'''

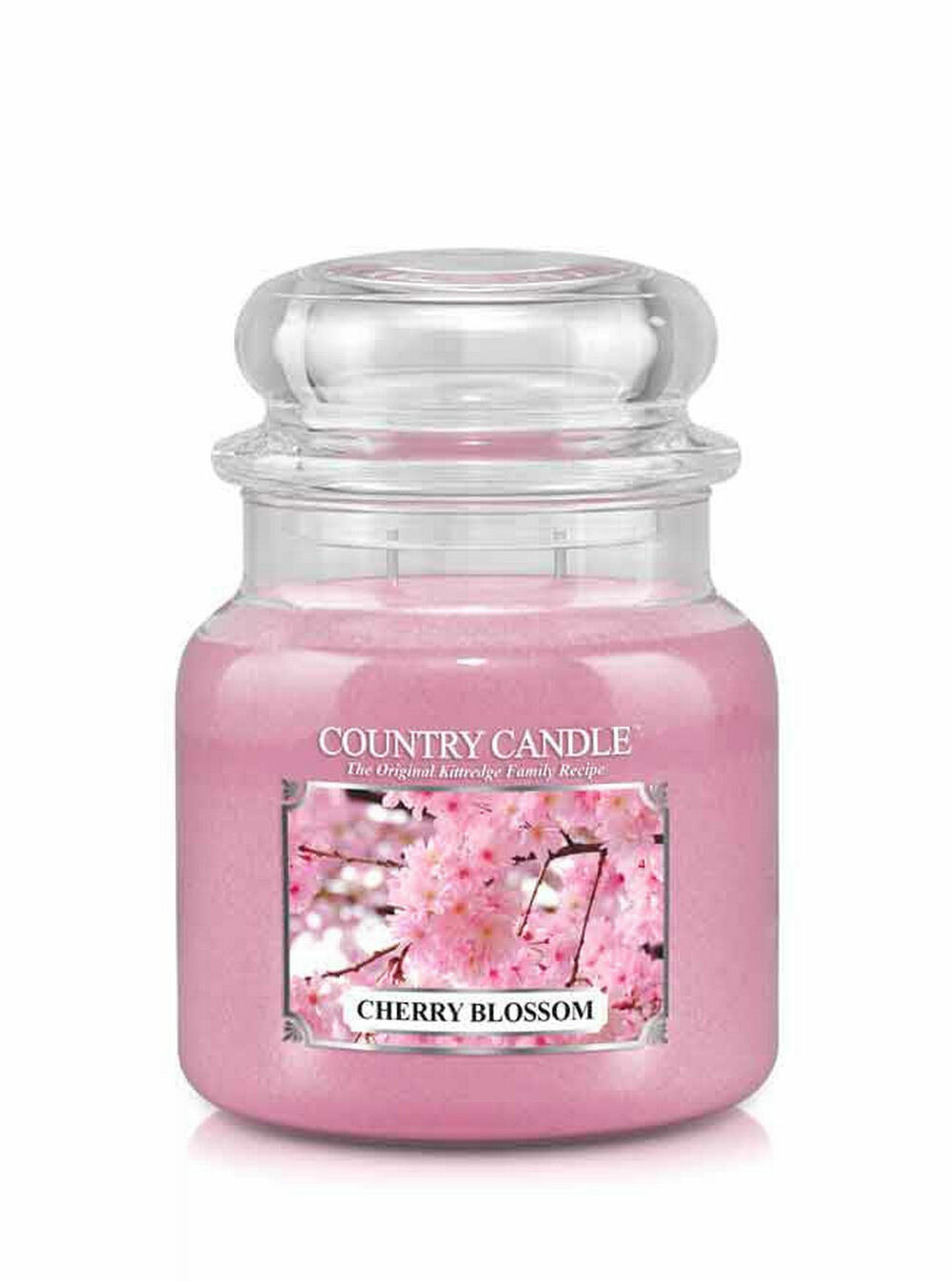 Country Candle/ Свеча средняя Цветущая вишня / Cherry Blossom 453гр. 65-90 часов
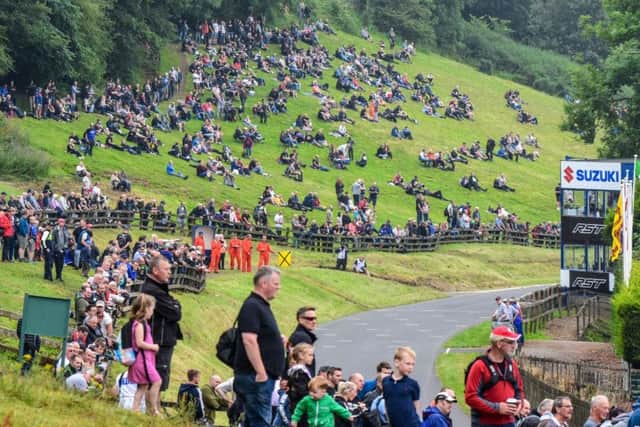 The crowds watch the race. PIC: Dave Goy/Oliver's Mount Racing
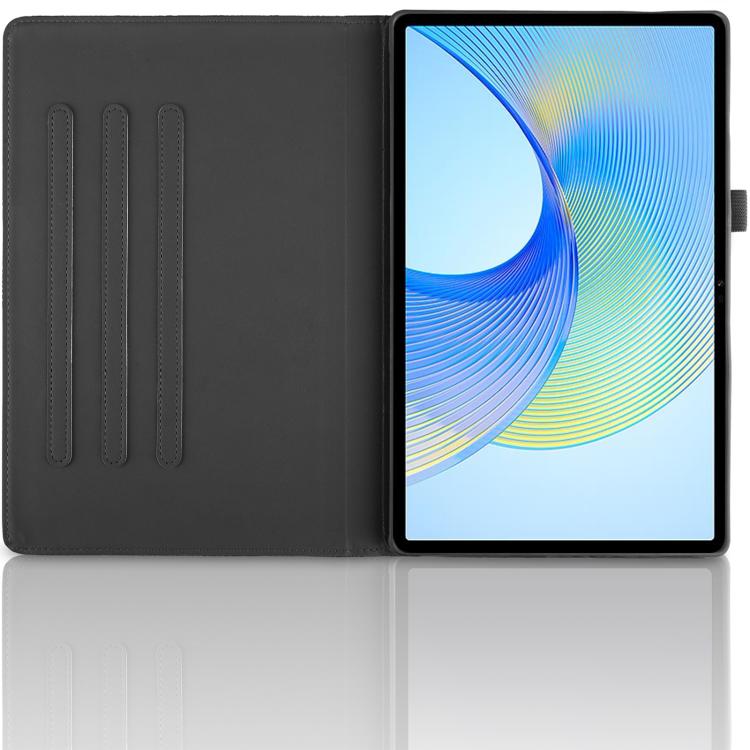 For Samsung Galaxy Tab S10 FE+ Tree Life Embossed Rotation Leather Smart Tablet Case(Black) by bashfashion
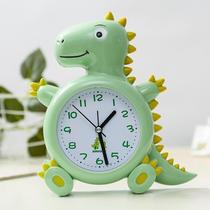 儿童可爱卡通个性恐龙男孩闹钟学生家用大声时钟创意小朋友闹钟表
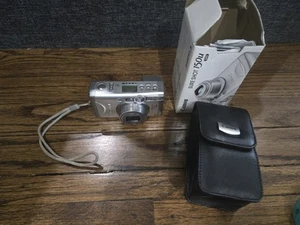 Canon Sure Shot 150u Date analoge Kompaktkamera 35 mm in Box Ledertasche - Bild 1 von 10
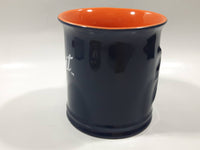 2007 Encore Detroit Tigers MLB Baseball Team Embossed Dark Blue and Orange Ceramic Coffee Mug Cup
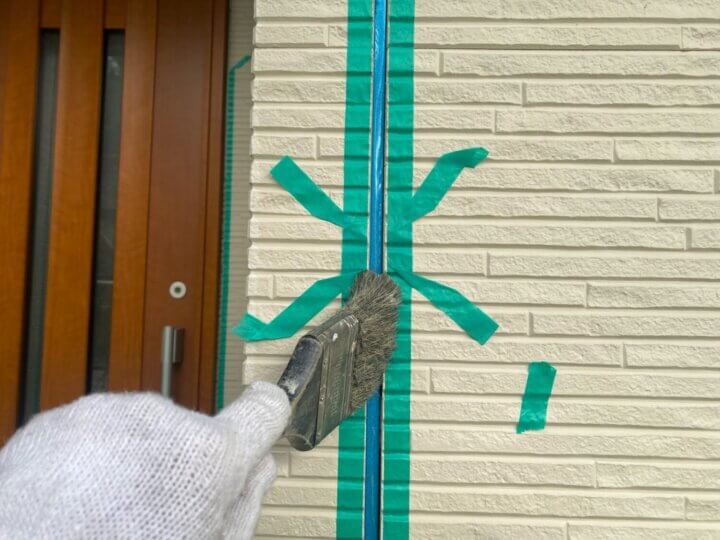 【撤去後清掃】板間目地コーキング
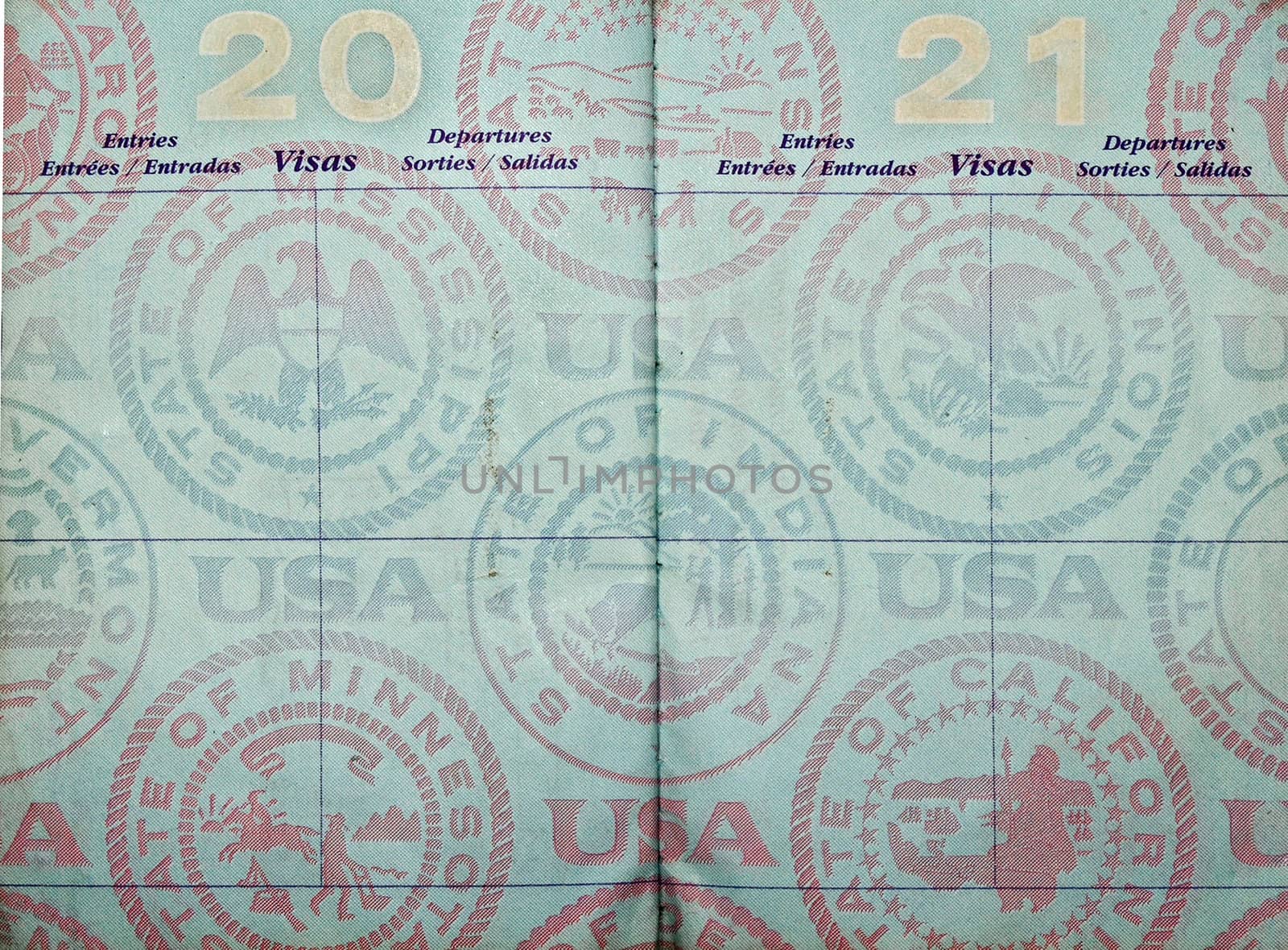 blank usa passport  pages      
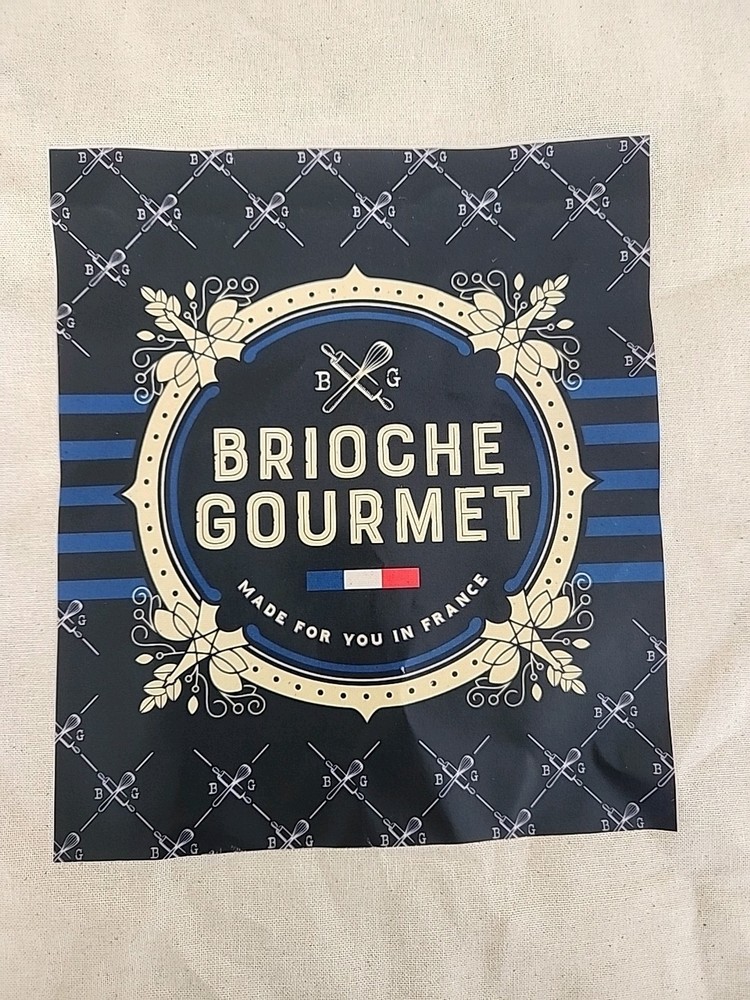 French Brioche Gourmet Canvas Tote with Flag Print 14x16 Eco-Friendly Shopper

'''

• _THE PROBLEM_
Above are the records; copy exactly the lines from the one with "For Samsung Galaxy" through the one with "Canon Sure Shot", including both, and nothing more. Leave out pictures.

• _EXERCISE RESPONSE_
 For Samsung Galaxy Tab S10 FE+ Tree Life Embossed Rotation Leather Smart Tablet Case(Black) by bashfashion
 儿童可爱卡通个性恐龙男孩闹钟学生家用大声时钟创意小朋友闹钟表
 Canon Sure Shot 150u Date analoge Kompaktkamera 35 mm in Box Ledertasche - Bild 1 von 10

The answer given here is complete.